> _WORK INSTRUCTION_: Search the records for the string "Avenue". Copy each line where it occurs.
(PROVIDED RECORDS begins)
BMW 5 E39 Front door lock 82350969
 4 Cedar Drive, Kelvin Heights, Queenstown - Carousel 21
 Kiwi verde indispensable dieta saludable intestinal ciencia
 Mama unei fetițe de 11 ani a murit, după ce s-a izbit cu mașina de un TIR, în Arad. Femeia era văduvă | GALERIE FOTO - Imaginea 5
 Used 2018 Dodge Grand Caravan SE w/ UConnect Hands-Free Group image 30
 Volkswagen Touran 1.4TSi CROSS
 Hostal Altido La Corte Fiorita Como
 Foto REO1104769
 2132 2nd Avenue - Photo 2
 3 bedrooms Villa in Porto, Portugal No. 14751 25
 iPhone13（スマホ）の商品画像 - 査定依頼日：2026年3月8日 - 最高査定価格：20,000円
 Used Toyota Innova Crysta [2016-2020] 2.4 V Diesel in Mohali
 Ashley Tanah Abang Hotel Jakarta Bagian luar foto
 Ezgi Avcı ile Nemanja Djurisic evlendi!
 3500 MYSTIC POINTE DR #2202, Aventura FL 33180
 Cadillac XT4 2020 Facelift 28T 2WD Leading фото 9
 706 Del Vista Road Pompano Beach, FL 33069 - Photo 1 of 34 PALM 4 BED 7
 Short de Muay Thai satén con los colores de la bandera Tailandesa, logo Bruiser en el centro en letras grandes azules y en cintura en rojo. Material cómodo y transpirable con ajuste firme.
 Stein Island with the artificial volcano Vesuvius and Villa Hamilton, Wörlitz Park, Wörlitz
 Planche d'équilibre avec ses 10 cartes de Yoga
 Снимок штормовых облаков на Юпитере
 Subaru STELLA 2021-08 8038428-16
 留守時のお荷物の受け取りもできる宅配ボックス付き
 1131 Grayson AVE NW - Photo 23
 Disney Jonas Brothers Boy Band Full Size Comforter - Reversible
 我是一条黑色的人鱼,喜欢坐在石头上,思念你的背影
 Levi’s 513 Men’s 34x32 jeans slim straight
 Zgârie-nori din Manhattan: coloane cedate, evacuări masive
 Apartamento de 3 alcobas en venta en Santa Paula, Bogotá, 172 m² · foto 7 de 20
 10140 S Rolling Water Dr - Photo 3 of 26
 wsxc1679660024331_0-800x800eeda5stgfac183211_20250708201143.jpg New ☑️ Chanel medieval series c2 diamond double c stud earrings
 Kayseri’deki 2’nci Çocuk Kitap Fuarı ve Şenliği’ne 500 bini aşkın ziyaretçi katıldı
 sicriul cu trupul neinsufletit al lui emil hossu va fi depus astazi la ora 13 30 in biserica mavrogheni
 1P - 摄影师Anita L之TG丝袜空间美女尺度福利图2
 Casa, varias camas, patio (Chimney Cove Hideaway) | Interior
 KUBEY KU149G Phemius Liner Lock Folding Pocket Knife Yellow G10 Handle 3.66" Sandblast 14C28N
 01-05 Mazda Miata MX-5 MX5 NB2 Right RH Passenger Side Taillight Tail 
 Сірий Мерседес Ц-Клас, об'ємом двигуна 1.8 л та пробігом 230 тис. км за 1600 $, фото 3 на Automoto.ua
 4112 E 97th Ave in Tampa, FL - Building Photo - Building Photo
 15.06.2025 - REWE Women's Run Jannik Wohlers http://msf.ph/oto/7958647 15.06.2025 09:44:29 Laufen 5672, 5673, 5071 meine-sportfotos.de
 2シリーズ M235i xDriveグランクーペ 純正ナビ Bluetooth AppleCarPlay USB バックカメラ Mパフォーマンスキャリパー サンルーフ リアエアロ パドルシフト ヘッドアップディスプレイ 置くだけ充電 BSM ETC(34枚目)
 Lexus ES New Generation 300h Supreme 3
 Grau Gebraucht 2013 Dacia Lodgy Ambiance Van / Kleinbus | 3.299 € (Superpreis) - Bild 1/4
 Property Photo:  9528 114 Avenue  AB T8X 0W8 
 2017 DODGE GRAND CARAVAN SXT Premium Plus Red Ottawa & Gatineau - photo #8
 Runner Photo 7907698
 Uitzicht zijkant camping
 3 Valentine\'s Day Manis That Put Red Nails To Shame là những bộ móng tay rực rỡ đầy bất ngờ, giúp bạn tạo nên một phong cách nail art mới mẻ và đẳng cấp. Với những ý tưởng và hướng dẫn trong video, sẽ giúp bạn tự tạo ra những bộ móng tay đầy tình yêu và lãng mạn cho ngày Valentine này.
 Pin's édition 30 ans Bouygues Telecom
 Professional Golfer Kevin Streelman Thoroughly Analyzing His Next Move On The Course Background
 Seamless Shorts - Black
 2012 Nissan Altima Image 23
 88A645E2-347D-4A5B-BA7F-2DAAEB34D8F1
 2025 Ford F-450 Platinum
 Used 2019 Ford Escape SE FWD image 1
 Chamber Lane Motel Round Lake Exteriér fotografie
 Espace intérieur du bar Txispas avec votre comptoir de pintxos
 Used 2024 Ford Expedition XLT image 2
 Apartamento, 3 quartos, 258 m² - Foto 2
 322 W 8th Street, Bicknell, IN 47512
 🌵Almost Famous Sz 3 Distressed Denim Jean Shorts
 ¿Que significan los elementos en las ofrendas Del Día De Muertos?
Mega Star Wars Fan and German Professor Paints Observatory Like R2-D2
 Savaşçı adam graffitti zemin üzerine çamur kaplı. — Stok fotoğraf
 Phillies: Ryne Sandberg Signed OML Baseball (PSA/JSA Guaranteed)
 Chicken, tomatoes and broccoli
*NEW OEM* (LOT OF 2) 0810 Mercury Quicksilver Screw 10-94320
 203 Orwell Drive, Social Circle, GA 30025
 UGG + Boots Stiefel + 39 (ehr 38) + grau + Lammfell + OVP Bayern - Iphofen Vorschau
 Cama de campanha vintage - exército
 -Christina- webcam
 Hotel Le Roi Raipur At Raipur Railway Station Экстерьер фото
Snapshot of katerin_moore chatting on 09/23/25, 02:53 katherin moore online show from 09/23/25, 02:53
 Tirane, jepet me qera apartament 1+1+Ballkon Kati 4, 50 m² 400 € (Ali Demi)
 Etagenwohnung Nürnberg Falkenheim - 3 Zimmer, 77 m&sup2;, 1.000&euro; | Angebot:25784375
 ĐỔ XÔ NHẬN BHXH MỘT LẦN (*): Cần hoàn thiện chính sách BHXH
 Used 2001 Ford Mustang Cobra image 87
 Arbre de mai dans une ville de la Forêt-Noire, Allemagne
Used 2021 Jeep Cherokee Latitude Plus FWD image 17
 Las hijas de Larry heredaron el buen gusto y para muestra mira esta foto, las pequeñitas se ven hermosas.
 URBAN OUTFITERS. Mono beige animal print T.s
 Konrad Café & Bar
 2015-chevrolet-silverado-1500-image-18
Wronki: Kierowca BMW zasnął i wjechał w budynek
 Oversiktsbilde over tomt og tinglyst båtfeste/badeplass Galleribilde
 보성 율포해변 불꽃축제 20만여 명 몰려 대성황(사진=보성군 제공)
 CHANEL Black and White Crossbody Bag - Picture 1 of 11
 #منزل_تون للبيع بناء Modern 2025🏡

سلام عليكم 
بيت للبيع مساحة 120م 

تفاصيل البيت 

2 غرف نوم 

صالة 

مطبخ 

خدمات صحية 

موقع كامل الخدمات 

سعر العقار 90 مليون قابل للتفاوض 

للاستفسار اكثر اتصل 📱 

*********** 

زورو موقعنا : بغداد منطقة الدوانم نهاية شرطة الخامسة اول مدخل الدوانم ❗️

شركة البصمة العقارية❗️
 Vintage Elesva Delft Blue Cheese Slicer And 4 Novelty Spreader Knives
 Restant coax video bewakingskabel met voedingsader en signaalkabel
(PROVIDED RECORDS ends)
> _RESPONSE TO THE EXERCISE_:
 2132 2nd Avenue - Photo 2
 Property Photo:  9528 114 Avenue  AB T8X 0W8 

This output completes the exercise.